Exactly the lines from the start of the data below through the line that contains "Pink Zari Dupatta Suit Set" are to be copied, with pictures left out.

═════ Supplied information

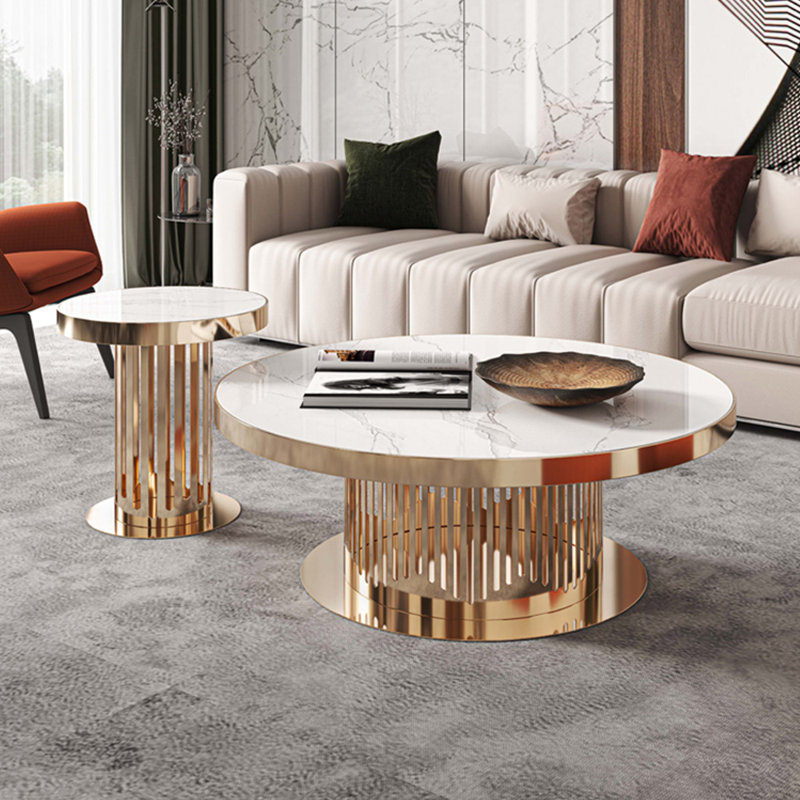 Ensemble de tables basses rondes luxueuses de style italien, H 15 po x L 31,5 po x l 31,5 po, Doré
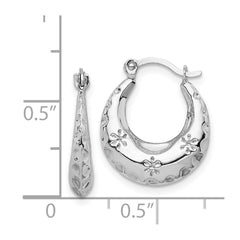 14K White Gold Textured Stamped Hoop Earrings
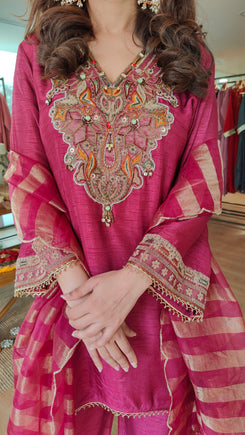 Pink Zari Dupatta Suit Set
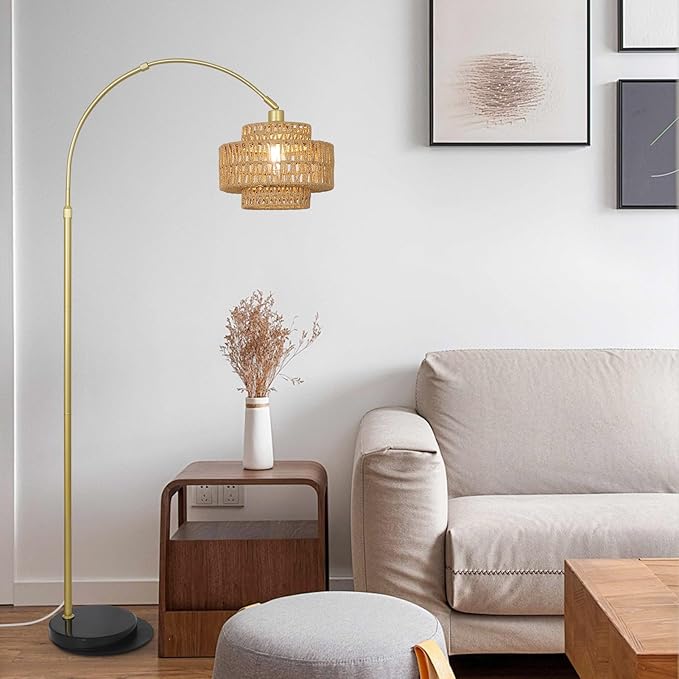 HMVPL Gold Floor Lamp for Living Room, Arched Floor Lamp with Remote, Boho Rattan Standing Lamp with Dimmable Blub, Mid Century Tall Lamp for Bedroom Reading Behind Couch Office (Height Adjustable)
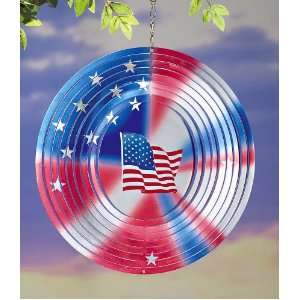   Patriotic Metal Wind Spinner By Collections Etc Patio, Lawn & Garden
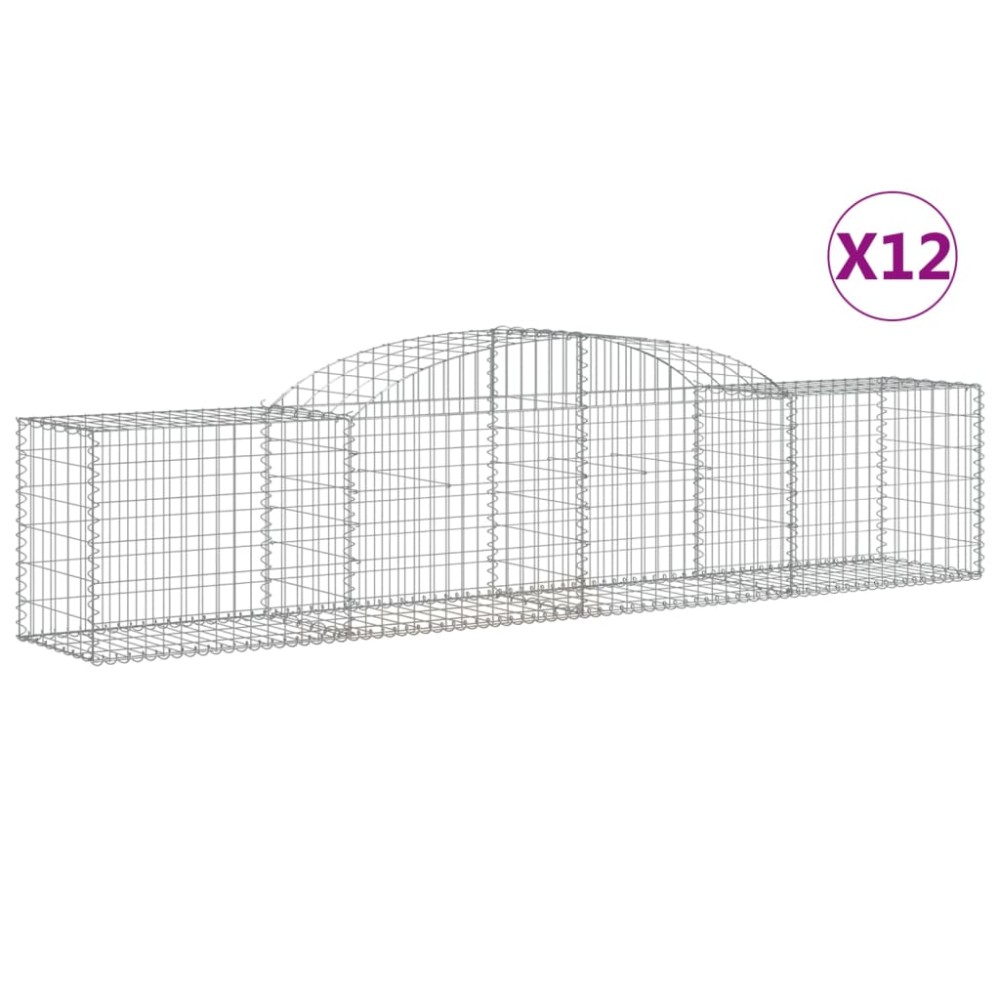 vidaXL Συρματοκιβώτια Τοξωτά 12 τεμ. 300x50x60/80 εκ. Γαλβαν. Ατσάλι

══════════

## [Result]
 Ensemble de tables basses rondes luxueuses de style italien, H 15 po x L 31,5 po x l 31,5 po, Doré
 14K White Gold Textured Stamped Hoop Earrings
 Pink Zari Dupatta Suit Set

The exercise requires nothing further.